Segment Open

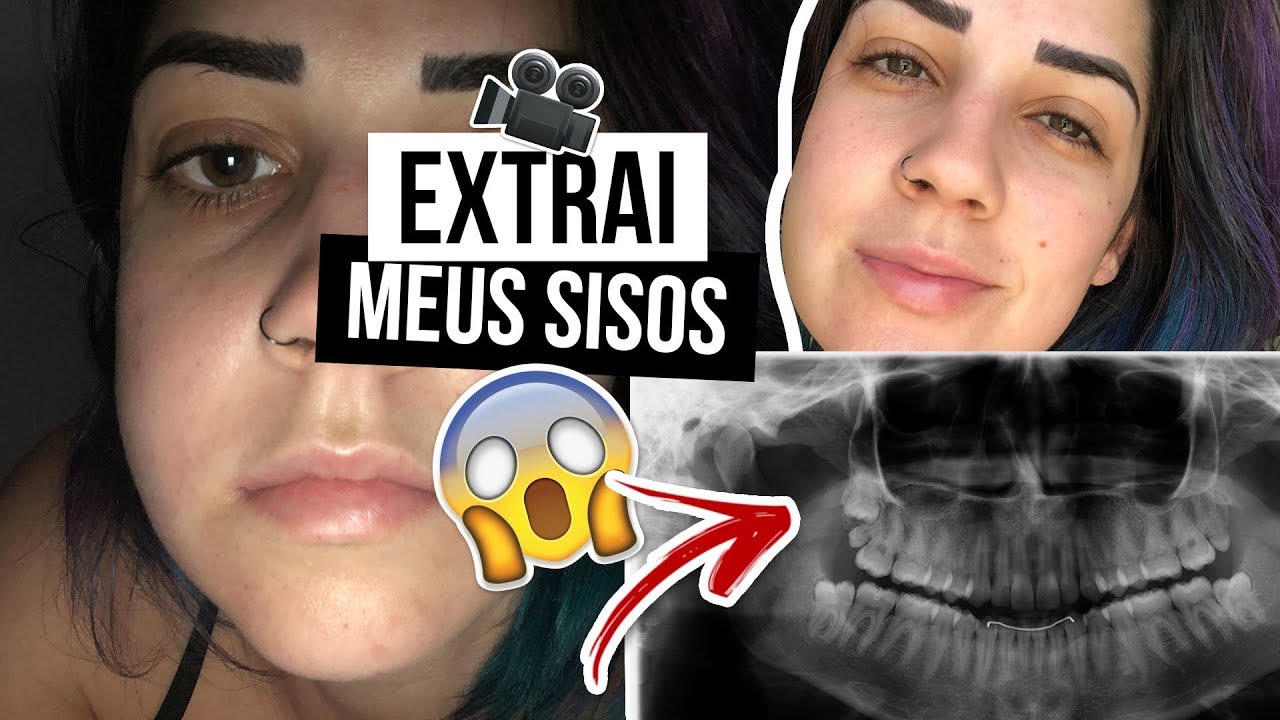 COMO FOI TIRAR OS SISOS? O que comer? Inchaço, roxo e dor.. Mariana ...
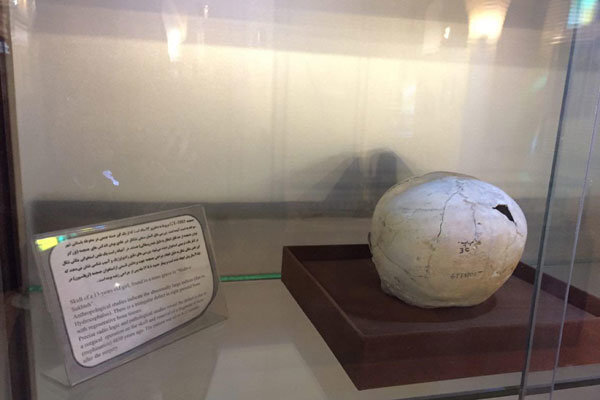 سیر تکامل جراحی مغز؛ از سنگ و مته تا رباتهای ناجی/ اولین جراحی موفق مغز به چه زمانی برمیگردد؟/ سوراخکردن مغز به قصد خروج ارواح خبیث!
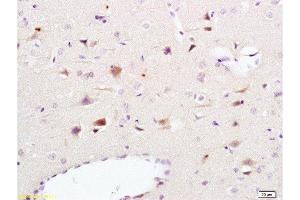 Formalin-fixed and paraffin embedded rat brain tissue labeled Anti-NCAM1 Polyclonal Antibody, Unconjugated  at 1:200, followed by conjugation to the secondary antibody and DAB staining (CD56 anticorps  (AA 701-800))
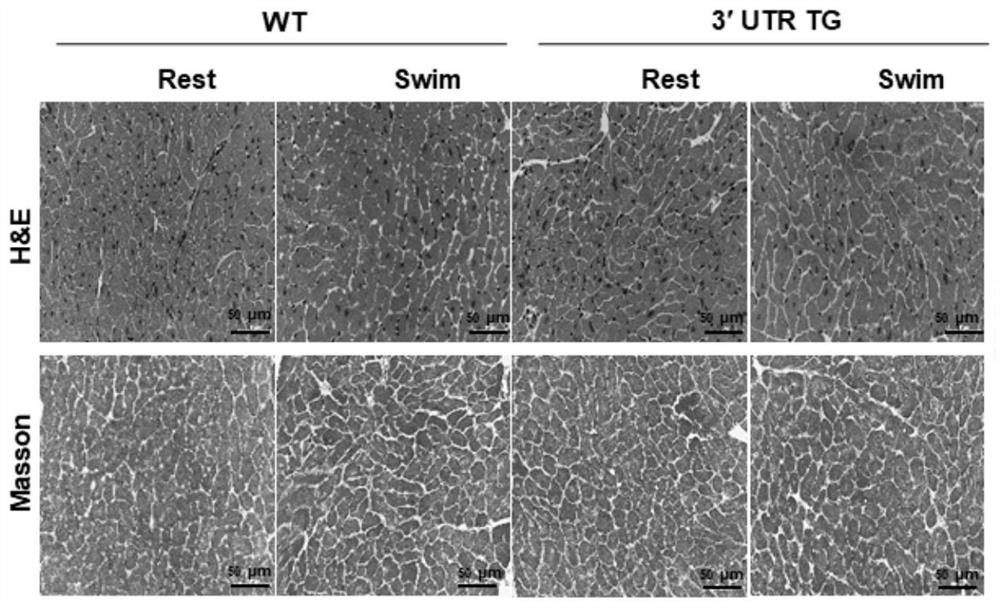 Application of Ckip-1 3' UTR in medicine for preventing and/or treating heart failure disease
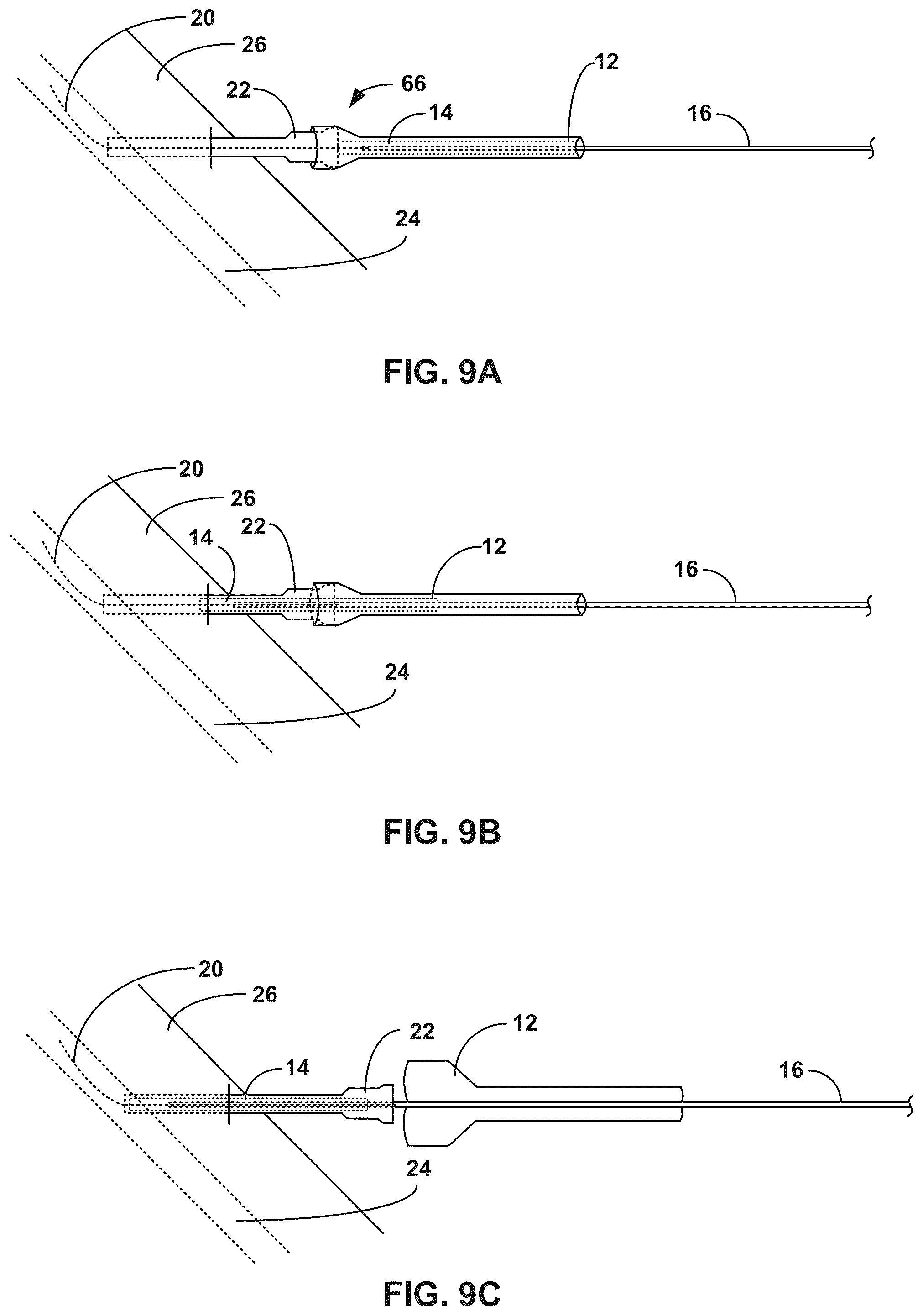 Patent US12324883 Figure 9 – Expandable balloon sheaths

Segment Closed

PROBLEM DETAILS -
Your task is to repeat exactly the lines from the one containing "Formalin-fixed and paraffin" through the end of the material, both included, and only those, without pictures.

SOLUTION FOR THIS PROBLEM -
 Formalin-fixed and paraffin embedded rat brain tissue labeled Anti-NCAM1 Polyclonal Antibody, Unconjugated  at 1:200, followed by conjugation to the secondary antibody and DAB staining (CD56 anticorps  (AA 701-800))
 Application of Ckip-1 3' UTR in medicine for preventing and/or treating heart failure disease
 Patent US12324883 Figure 9 – Expandable balloon sheaths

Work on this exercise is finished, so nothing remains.